Maps, mind and memory

london map

In concert with the UK publication of The Glass Cage, Penguin Books’ Think Smarter site is running an article by me on satellite navigation. Titled “Welcome to Nowheresville,” it’s adapted from a chapter in the book called “World and Screen.” Here’s a taste of the piece:

A GPS device, by allowing us to get from point A to point B with the least possible effort and nuisance, can make our lives easier. But what it steals from us, when we turn to it too often, is the joy and satisfaction of apprehending the world around us — and of making that world a part of us. In his book Being Alive, Tim Ingold, an anthropologist at the University of Aberdeen, draws a distinction between two very different modes of travel: wayfaring and transport.

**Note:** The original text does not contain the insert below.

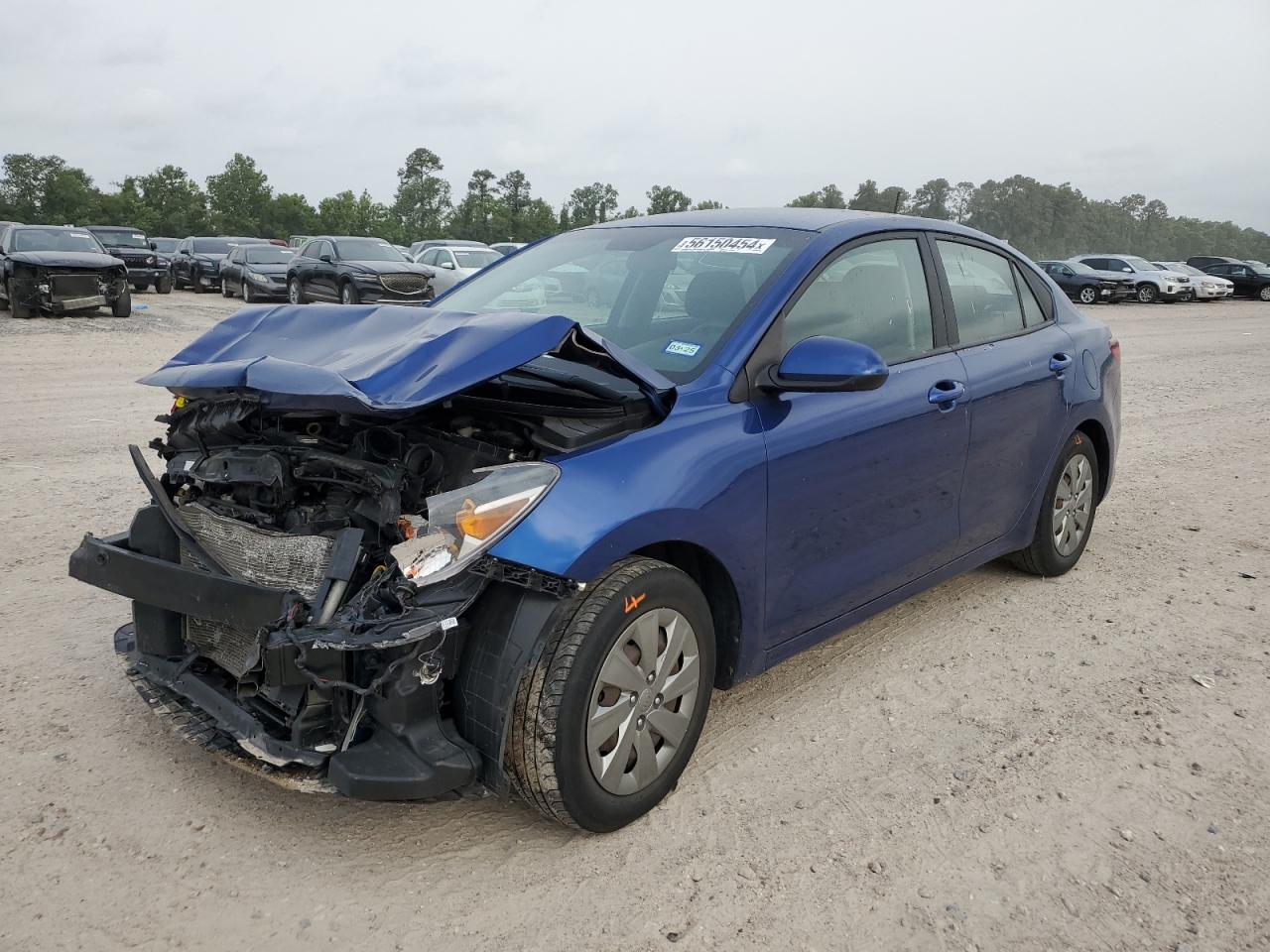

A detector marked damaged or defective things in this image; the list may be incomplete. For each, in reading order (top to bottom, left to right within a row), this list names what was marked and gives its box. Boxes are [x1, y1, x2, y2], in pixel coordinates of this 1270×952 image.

Wayfaring, he explains, is “our most fundamental way of being in the world.” Immersed in the landscape, attuned to its textures and features, the wayfarer enjoys “an experience of movement in which action and perception are intimately coupled.” Wayfaring becomes “an ongoing process of growth and development, or self-renewal.” Transport, on the other hand, is “essentially destination-oriented.” It’s not so much a process of discovery “along a way of life” as a mere “carrying across, from location to location, of people and goods in such a way as to leave their basic natures unaffected.” In transport, the traveller doesn’t actually move in any meaningful way. “Rather, he is moved, becoming a passenger in his own body.”

Wayfaring is messier and less efficient than transport, which is why it has become a target for automation. “If you have a mobile phone with Google Maps,” says Michael Jones, an executive in Google’s mapping division, “you can go anywhere on the planet and have confidence that we can give you directions to get to where you want to go safely and easily.” As a result, he declares, “No human ever has to feel lost again.” That certainly sounds appealing, as if some basic problem in our existence had been solved forever. And it fits the Silicon Valley obsession with using software to rid people’s lives of “friction.” But the more you think about it, the more you realise that to never confront the possibility of getting lost is to live in a state of perpetual dislocation. If you never have to worry about not knowing where you are, then you never have to know where you are.

Read on.

5 thoughts on “Maps, mind and memory

  1. Charles

    You remind me of Robert Venturi’s book “Learning from Las Vegas,” as I recall it, he compared navigation around auto-centric cities like Los Angeles to the air races in the Nevada desert. The planes raced around tall pylons as navigational waypoints, and LA driving had similar tall landmarks for automobiles to navigate by. The comparison is appropriate, since LA used to have dozens of little airports, and some of the tall buildings actually had towers with lights intended for airplane navigation. And that’s exactly the way I used to drive in LA. My landmark for driving to work was the old Mutual of Omaha tower at Wilshire and La Brea, it used to have a navigational beacon on top. I always thought of driving around LA as a point-to-point route, you don’t stop in the unfamiliar territory between endpoints. Even the language of driving expresses this, you drove up on the freeway, or down on the “surface” streets.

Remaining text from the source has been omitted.